── Data listing ──

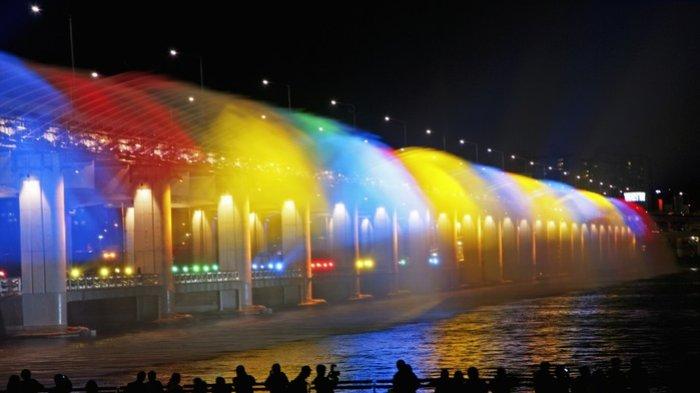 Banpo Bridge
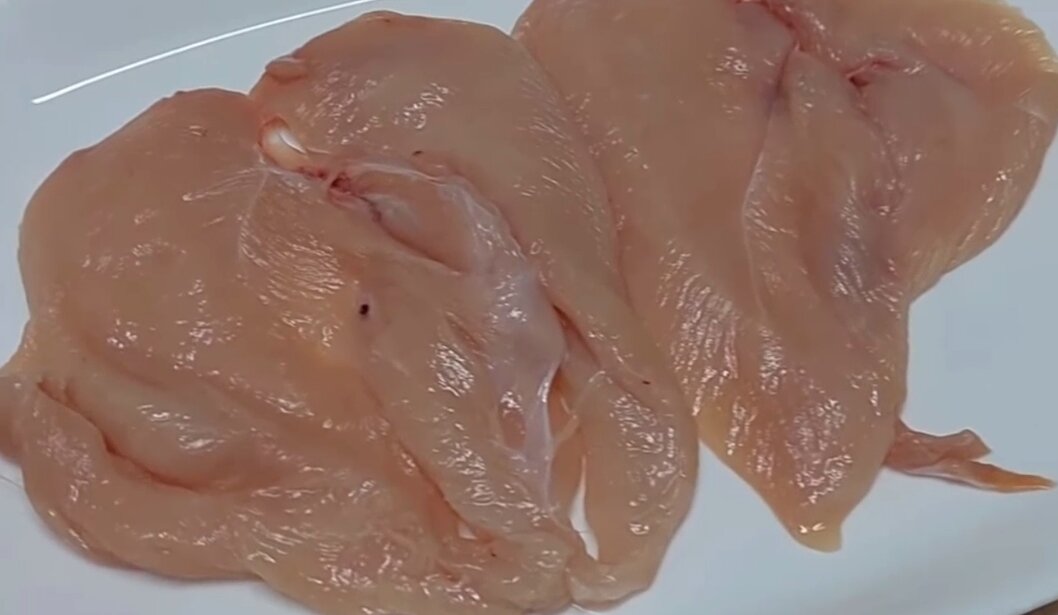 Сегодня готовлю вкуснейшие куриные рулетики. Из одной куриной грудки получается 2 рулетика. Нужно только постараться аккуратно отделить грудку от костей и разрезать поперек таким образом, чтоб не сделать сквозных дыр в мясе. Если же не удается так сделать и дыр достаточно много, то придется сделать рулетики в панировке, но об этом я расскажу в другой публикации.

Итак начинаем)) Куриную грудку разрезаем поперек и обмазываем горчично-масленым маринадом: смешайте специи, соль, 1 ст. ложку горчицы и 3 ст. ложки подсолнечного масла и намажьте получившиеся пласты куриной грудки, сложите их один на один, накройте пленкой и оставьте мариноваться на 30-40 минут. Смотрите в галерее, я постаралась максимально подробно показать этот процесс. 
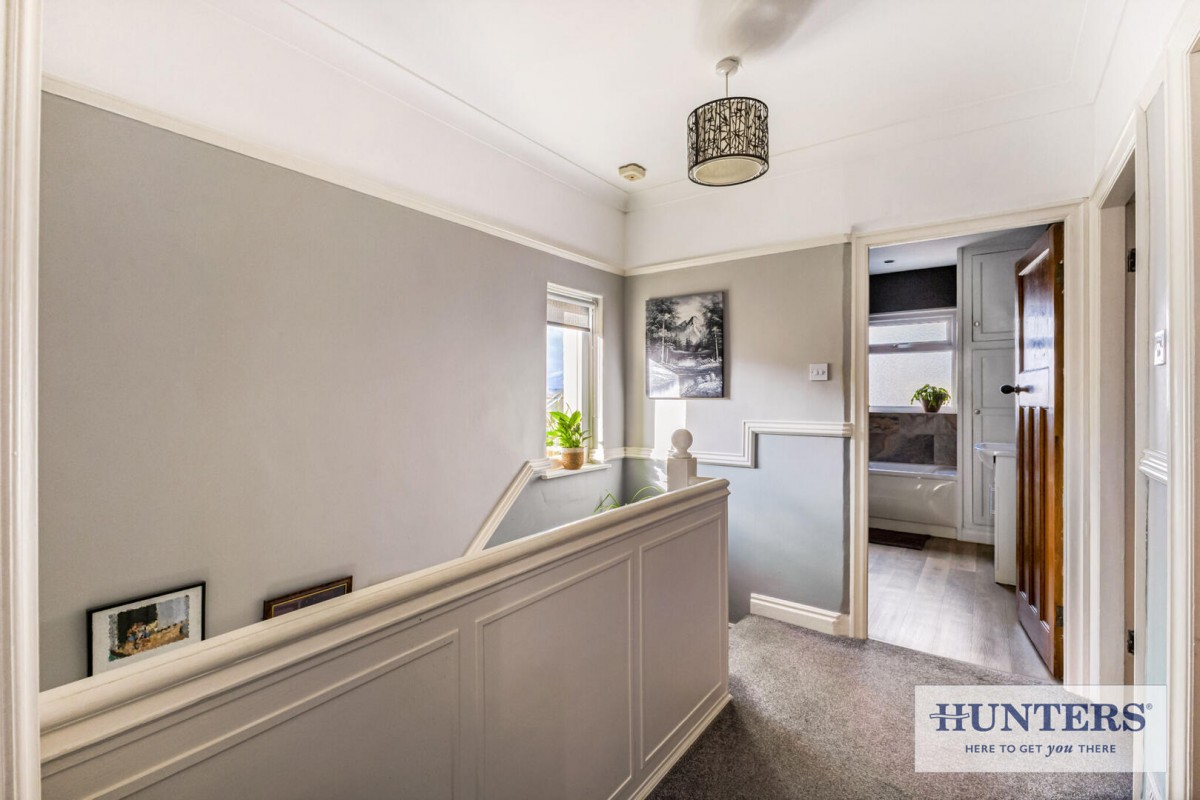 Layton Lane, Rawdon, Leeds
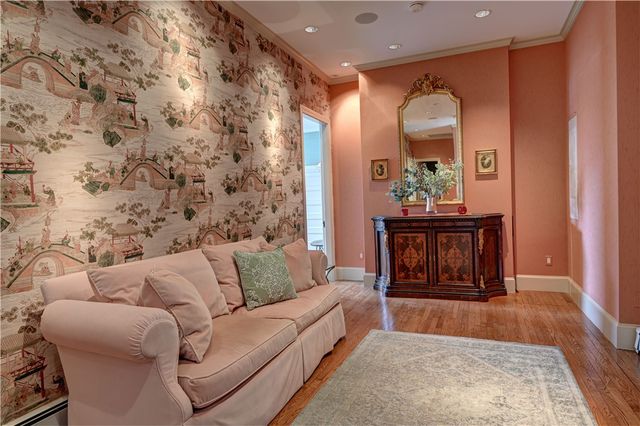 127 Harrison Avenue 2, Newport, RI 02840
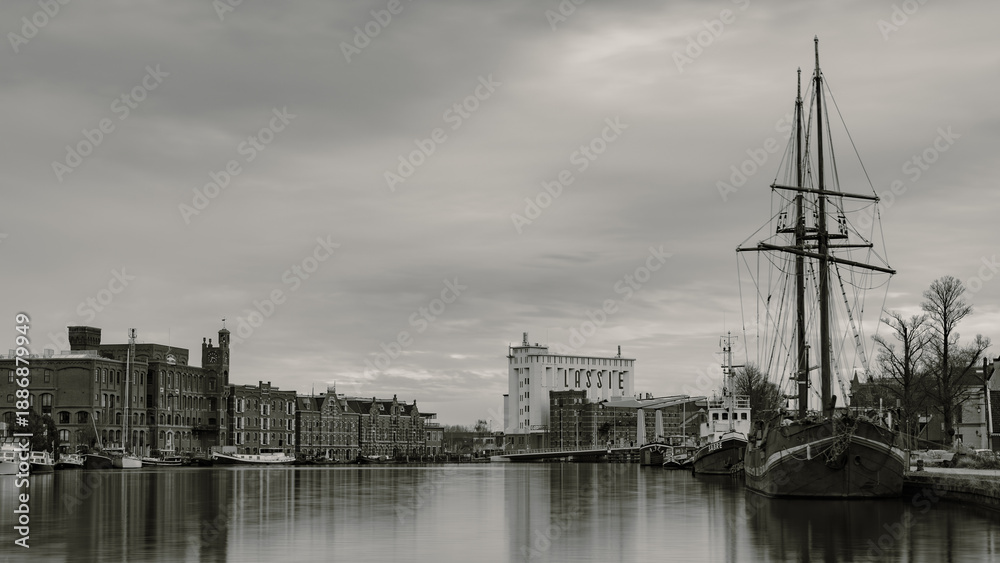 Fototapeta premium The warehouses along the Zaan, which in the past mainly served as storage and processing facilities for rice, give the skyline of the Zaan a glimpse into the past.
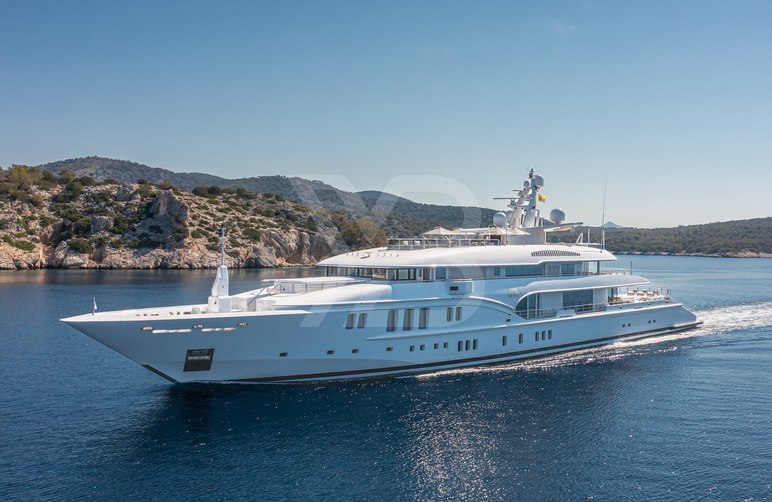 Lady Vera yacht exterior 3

───
── Data listing ──

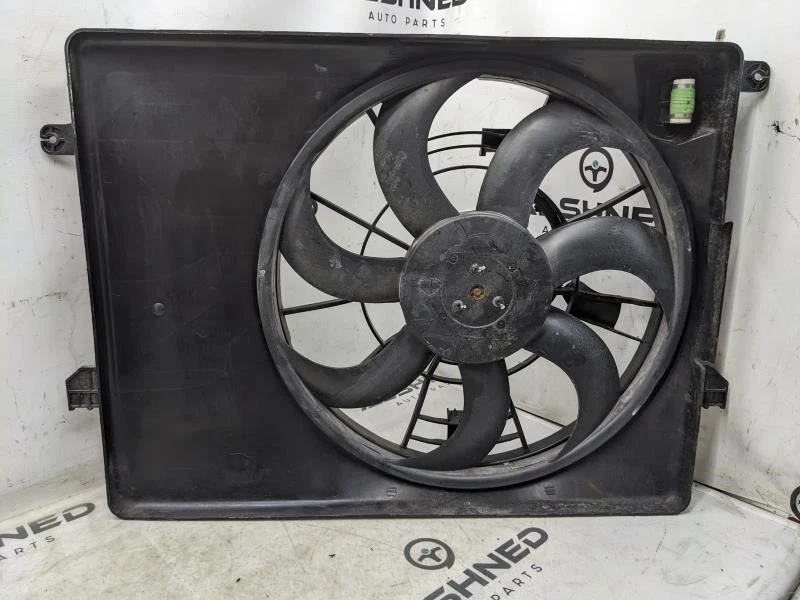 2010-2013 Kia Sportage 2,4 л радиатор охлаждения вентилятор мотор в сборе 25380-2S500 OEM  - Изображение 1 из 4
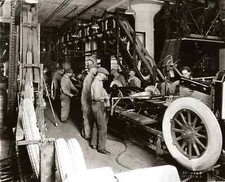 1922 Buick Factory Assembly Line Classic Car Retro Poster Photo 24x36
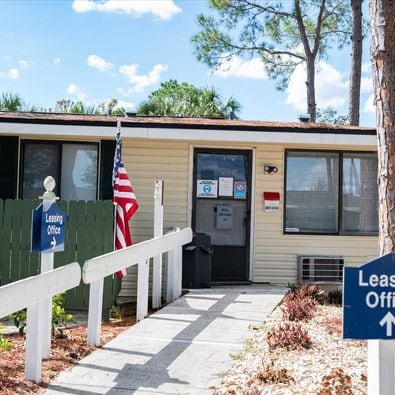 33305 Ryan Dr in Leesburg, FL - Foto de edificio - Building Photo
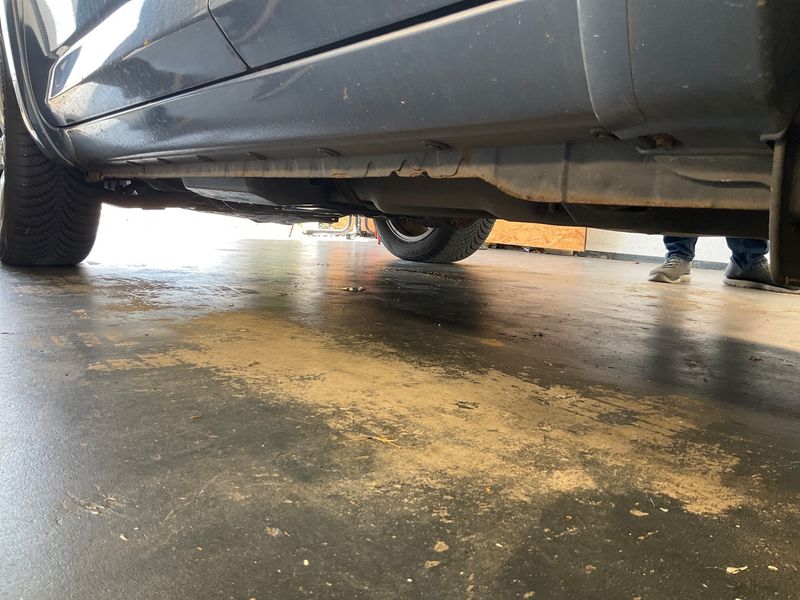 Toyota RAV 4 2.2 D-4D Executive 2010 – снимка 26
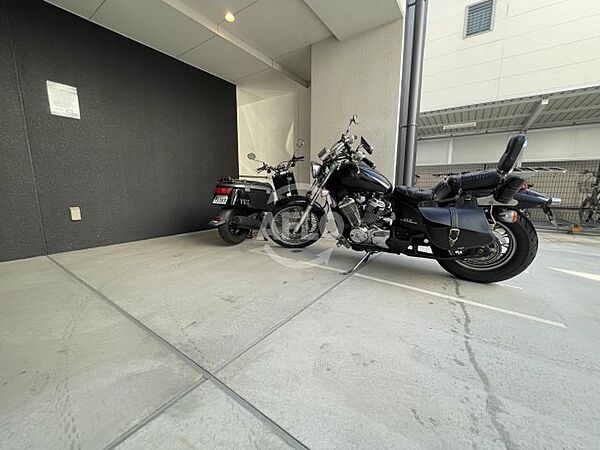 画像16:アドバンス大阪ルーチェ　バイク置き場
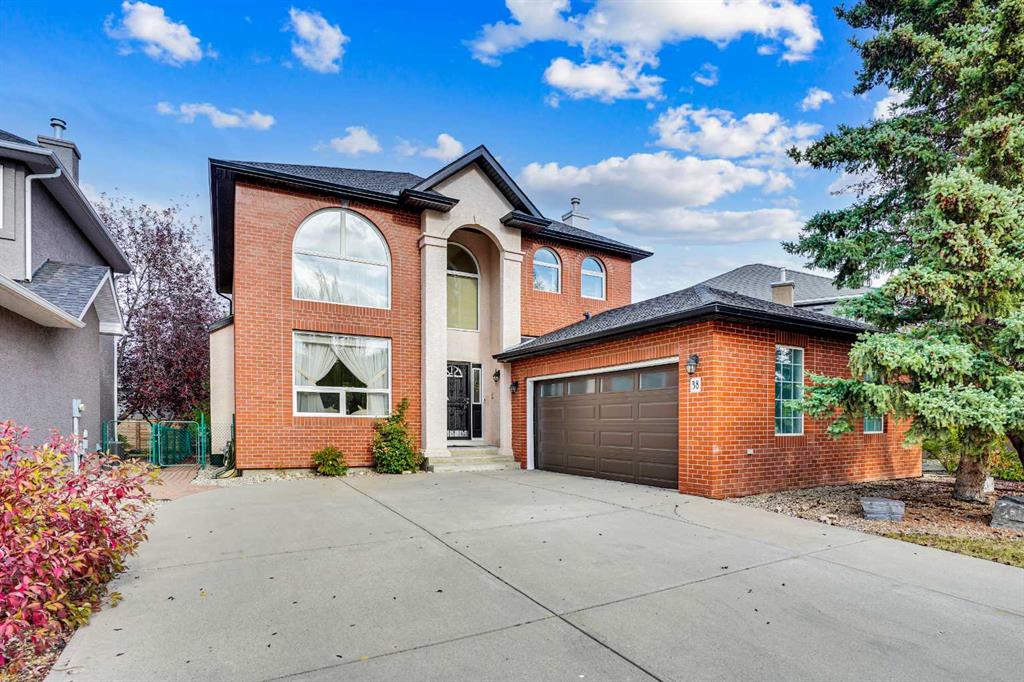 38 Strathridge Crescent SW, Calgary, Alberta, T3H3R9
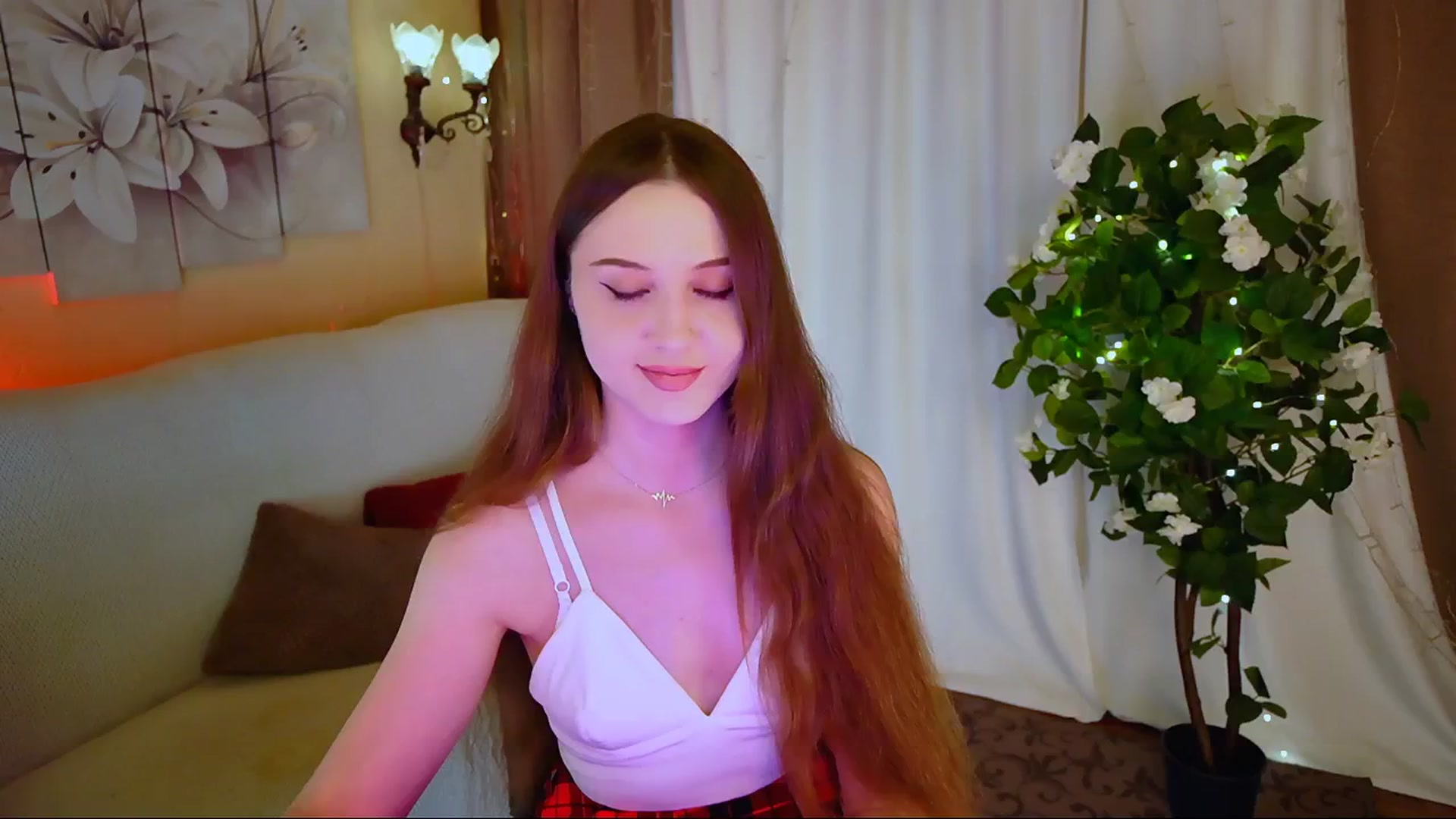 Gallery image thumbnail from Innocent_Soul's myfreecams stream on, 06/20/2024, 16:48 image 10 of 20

───
── Data listing ──

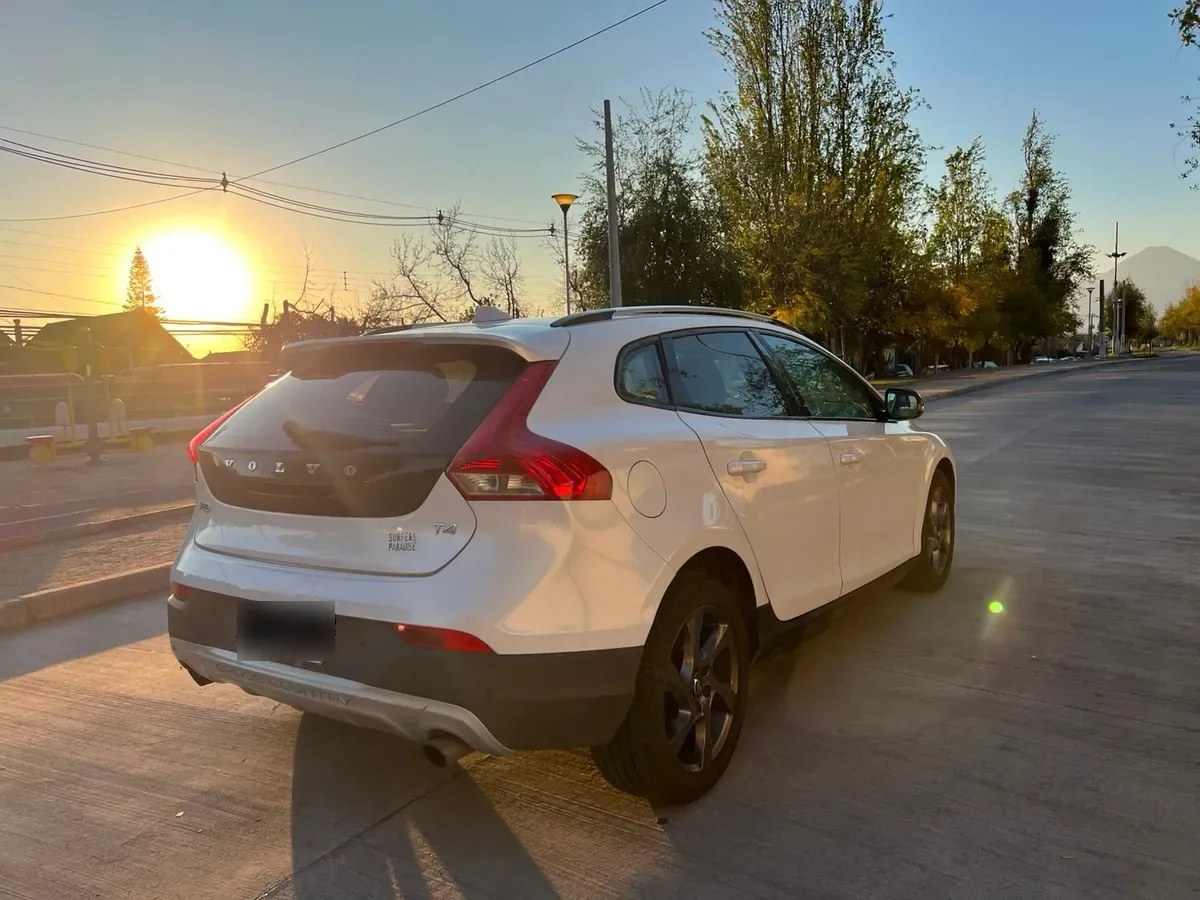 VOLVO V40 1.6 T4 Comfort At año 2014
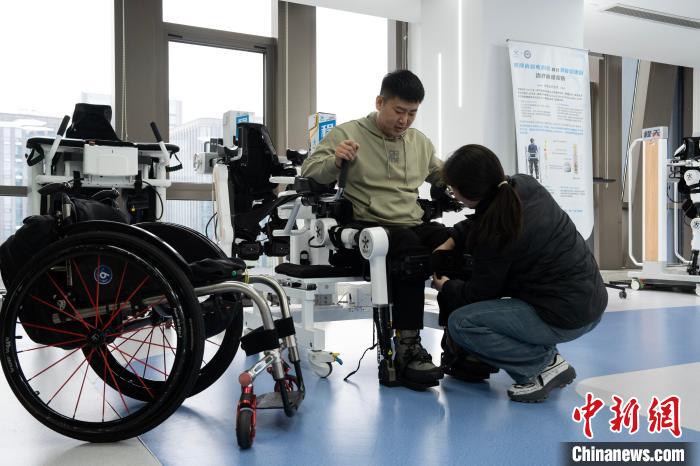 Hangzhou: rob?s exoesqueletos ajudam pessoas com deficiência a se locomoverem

───

Extract from the material above the stretch running from the line containing "Banpo Bridge" through the line containing "Lady Vera yacht exterior 3". Keep the text exact and the pictures out.

 Banpo Bridge
 Сегодня готовлю вкуснейшие куриные рулетики. Из одной куриной грудки получается 2 рулетика. Нужно только постараться аккуратно отделить грудку от костей и разрезать поперек таким образом, чтоб не сделать сквозных дыр в мясе. Если же не удается так сделать и дыр достаточно много, то придется сделать рулетики в панировке, но об этом я расскажу в другой публикации.

Итак начинаем)) Куриную грудку разрезаем поперек и обмазываем горчично-масленым маринадом: смешайте специи, соль, 1 ст. ложку горчицы и 3 ст. ложки подсолнечного масла и намажьте получившиеся пласты куриной грудки, сложите их один на один, накройте пленкой и оставьте мариноваться на 30-40 минут. Смотрите в галерее, я постаралась максимально подробно показать этот процесс. 
 Layton Lane, Rawdon, Leeds
 127 Harrison Avenue 2, Newport, RI 02840
 Fototapeta premium The warehouses along the Zaan, which in the past mainly served as storage and processing facilities for rice, give the skyline of the Zaan a glimpse into the past.
 Lady Vera yacht exterior 3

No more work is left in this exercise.